NORFOLK, Va. (WAVY) — The day after three women were shot and killed and two others injured at the hands of a 19-year-old suspect, Norfolk Police Chief Larry Boone gave an impassioned and raw speech that once again called for action.
“I am so sick and tired of saying the same old, same old. Each and every last one of you knows what drives this,” Boone said in his trademark booming voice.
Being direct and emphatic is nothing new for Boone. He has long lamented about the lack of action on the nation’s gun violence problem. Particularly, he often highlights the carnage it causes in the Black community.
“If this was a tragic event involving officers, this whole damn street would be packed,” Boone said, addressing several dozen people who gathered in the Young Terrace community Thursday afternoon. “And it should be, it should be. But this should be too.”
On Thursday afternoon, Boone, the mayor, other lawmakers, police and community members walked the public housing complex in a showing of solidarity.

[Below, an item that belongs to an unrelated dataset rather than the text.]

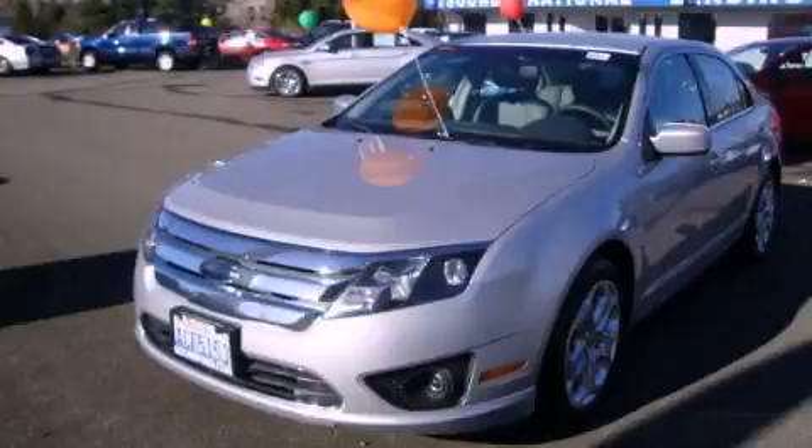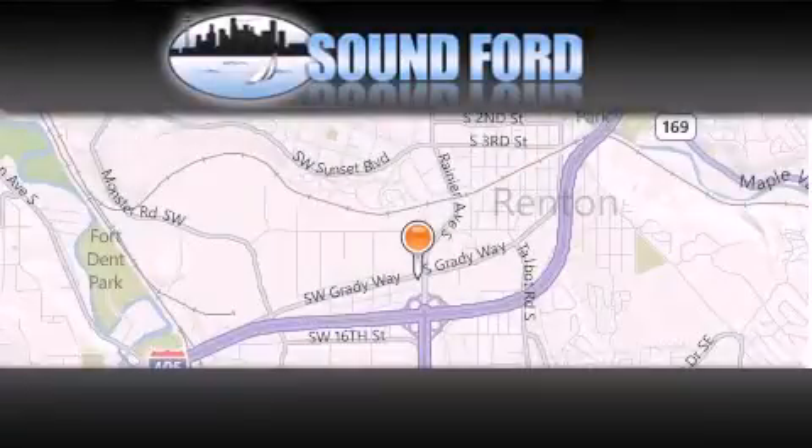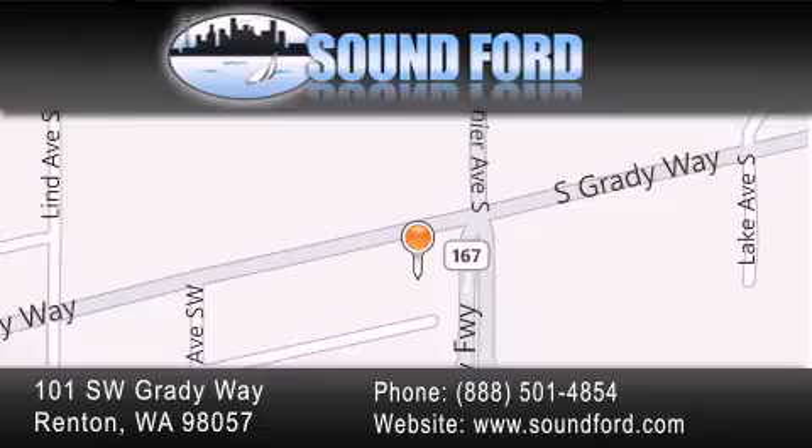Stop by today and test drive this automobile for yourself. Sound Ford is located at 101 Southwest Grady Way in Renton. Our goal is to exceed all of your expectations to ensure that you'll return for future visits.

“[Journalists] report on it, as you should. We’ll talk about it, as you should, and then 24 to 48 hours later nothing until the next one and we do it all over again. In the last 30 years here in this city, there has been over a thousand homicides, gun violence — 890 or so, give or take, were Black men. We would turn this city upside down if it was anybody else,” Boone said.
All victims and the suspect in Wednesday’s shooting were Black.
Even though Boone said the motives behind the shooting was domestic-related, he used the term “mass shooting” in an effort to draw more attention to the situation. The FBI defines mass shooting as an incident where four or more people are shot in the same location.
“How long are we going to be performative and say pretty words? Where’s the action? It’s not their fault this situation was created years ago strategically, and it’s going to take some strategic action to undo it from all of us,” Boone said.
Young Terrace is one of three public housing complexes slated to be redeveloped under the larger St. Paul’s redevelopment plan. The goal is to increase the quality of life for the 1,700 families that currently call the aging St. Paul’s community home and leave behind the neighborhoods’ poverty-stricken past.
However, that won’t come fast enough. Boone zeroed in on how children witnessed the shooting.
“It breaks my heart to look at those young kids over there. Trying to process what they are looking at. I have 30 years’ police experience. That shook my core. I can only imagine what it did to those kids,” Boone said. “We’re going to right this ship. It may not happen in my watch but God damn it, it’s going to start on my watch.”